“PEC 65 deixa bancos com as rédeas soltas”

Daro Piffer, diretor jurídico, em São Paulo, do Sindicato Nacional dos Servidores do Banco Central. Foto: Roque de Sá/Agência Senado

“PEC da autonomia” do BC estimula ganhos “mesmo que contrários ao interesse público”

Em entrevista à Hora do Povo, Daro Piffer, diretor jurídico, em São Paulo, do Sindicato Nacional dos Servidores do Banco Central, declarou que a PEC 65/2023, que está em tramitação na Comissão de Constituição, Justiça e Cidadania (CCJ) do Senado, de autoria do senador Vanderlan Cardoso, dá completa autonomia técnica, operacional, administrativa, orçamentária e financeira ao Banco Central.

Daro Informou que a PEC altera a forma de financiamento do Banco, permitindo o uso de receitas oriundas da senhoriagem para o custeio da instituição. Ou seja, “será financiado pelo lucro obtido com emissão de moeda e operações financeiras”. Para o sindicalista, a utilização da senhoriagem como fonte de custeio “pode levar o BC a priorizar ações que aumentem seu ganho, mesmo que isso contrarie o interesse público”.

Segundo o dirigente sindical, “as mudanças fragilizam o Banco Central institucionalmente ao afastá-lo do regime jurídico público”. Para ele, o BC “estará de mãos atadas” para aplicar sanções às instituições financeiras e para realizar sua função regulatória. O que, em outras palavras, quer dizer: “os bancos vão ficar com as rédeas soltas”.

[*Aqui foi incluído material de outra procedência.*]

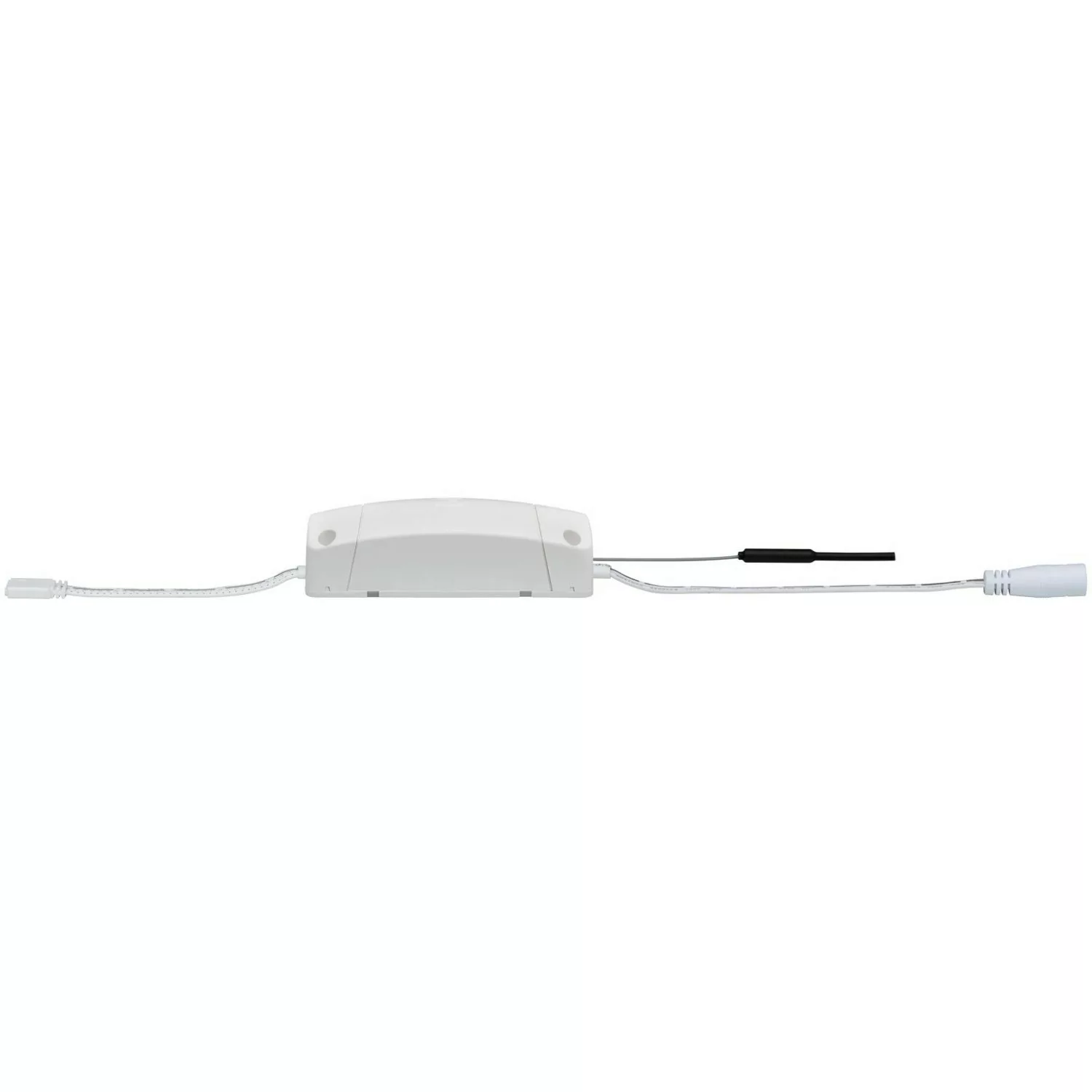 Paulmann Urail Dimm-Switch Urail Smart Home Zigbee max. 400W An-Aus-Dimmen günstig online kaufen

Essa emenda constitucional foi submetida à avaliação da categoria, em abril de 2024, quando 74% dos servidores se manifestaram contrários à proposta. “Com esse mandato robusto da categoria, o sindicato tem mantido interlocução com parlamentares e membros do governo, alertando para os riscos que a PEC representa para a sociedade”, afirmou Daro.

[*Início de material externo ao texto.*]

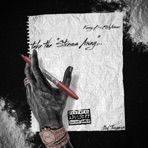 Stress Away (feat. Rich Armani) - Single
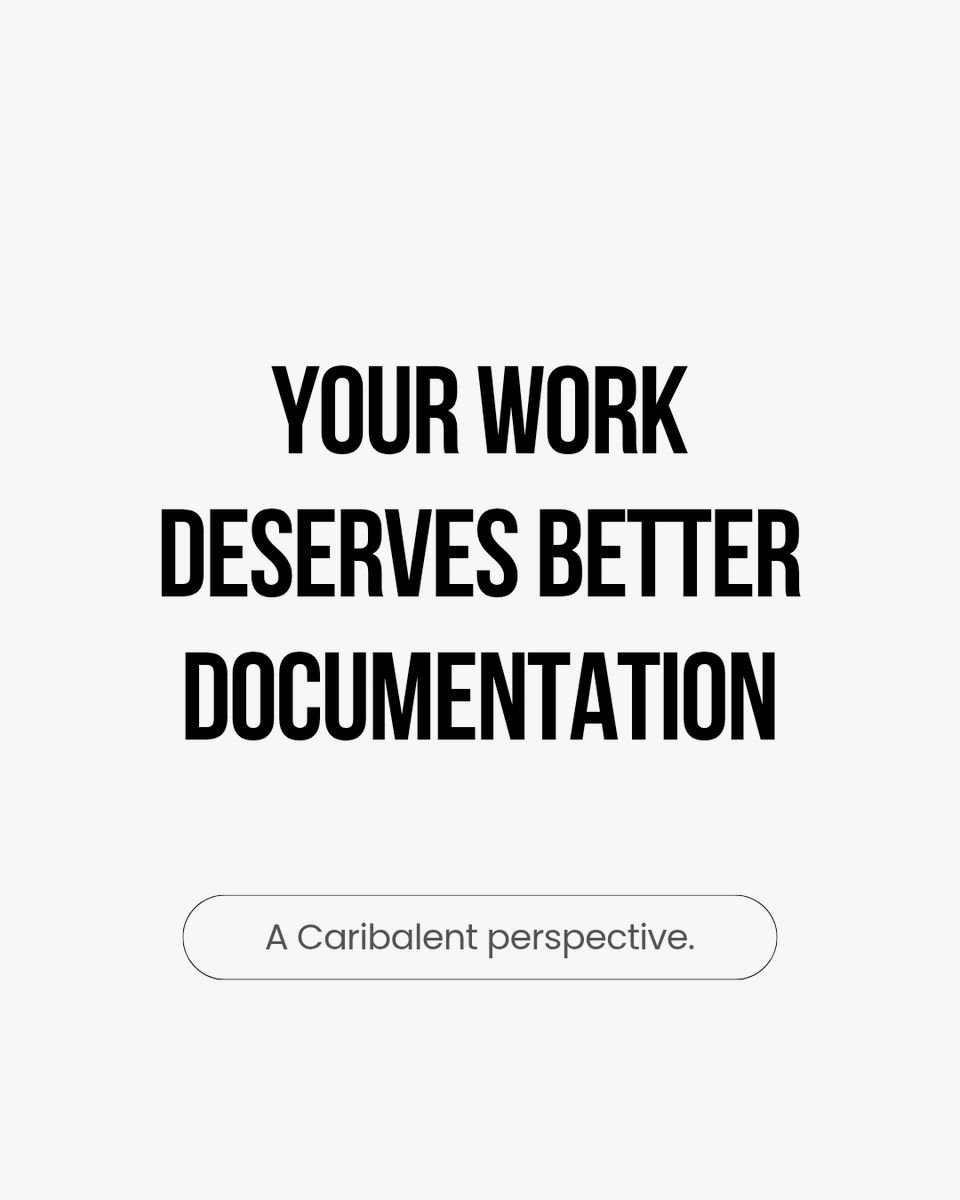 caribalent tweet media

A seguir, a íntegra da entrevista:

HP – Para o Sinal, quais são as mudanças mais significativas que a PEC 65 traz para o Sistema Financeiro Nacional?

Daro – A principal mudança é a transformação do Banco Central do Brasil (BC) de autarquia de direito público para uma corporação estatal de direito privado, organizada como empresa pública. Os servidores atuais terão que optar entre migrar para uma nova carreira no Executivo ou permanecer no BC sob um novo regime jurídico baseado na Consolidação das Leis do Trabalho (CLT), com perda da estabilidade garantida pelo Regime Jurídico Único (RJU). A PEC também altera a forma de financiamento do BC, permitindo o uso de receitas oriundas da senhoriagem para o custeio da instituição

HP – Por que essas mudanças, na opinião do sindicato, trazem prejuízo para o sistema?

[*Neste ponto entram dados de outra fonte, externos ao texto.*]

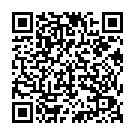 www.houseinfo.com.tw房屋網-找烏來大廈-QRCode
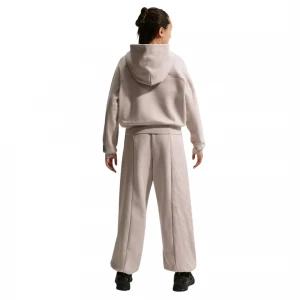 Sportswear 2
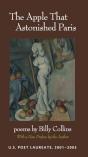 Apple That Astonished Paris - Preview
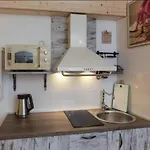 Figura Appartement *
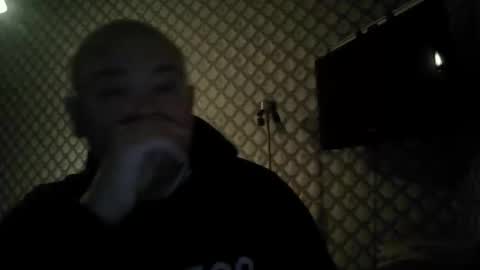 rob18997 online show from January 9, 3:50 pm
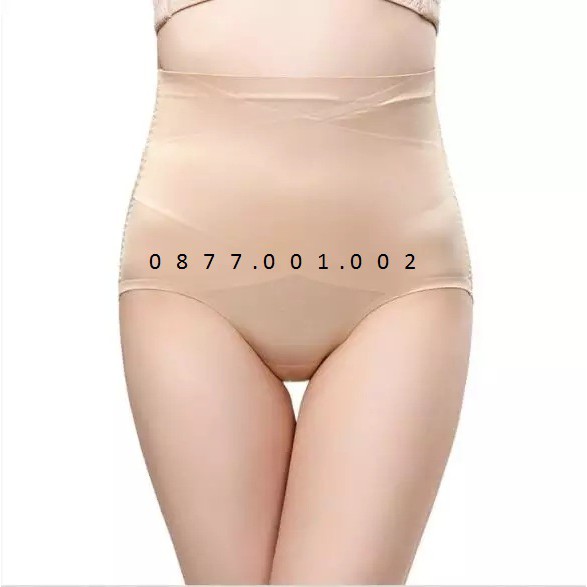 Quần gen đùi tan mỡ cao cấp (8051) | BigBuy360 - bigbuy360.vn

Daro – As mudanças fragilizam o Banco Central institucionalmente ao afastá-lo do regime jurídico público, que garante maior proteção jurídica, transparência e controle social. A perda de garantias legais típicas do direito público enfraquece o poder de polícia da instituição. Além disso, a substituição do regime estatutário pelo celetista compromete a autonomia técnica da instituição, já que os servidores perderão estabilidade e estarão mais suscetíveis a pressões externas. A maior vulnerabilidade institucional aumenta o risco de captura do regulador pelo regulado, enfraquecendo a capacidade do BC de proteger o interesse público e a estabilidade do sistema financeiro. O que, em outras palavras, quer dizer: “os bancos vão ficar com as rédeas soltas”.

HP – Quais as principais consequências dessas mudanças?

Daro – As principais consequências incluem a redução da eficácia regulatória, o aumento da judicialização, a descontinuidade de políticas públicas essenciais, problemas na gestão de pessoal e previdência, além da insegurança jurídica. O BC poderá enfrentar dificuldades para aplicar sanções às instituições financeiras e para realizar sua função regulatória, prejudicando a estabilidade do sistema financeiro nacional.

HP – Por que o Sinal é contra que o Banco Central seja custeado pelo chamado sistema de senhoriagem?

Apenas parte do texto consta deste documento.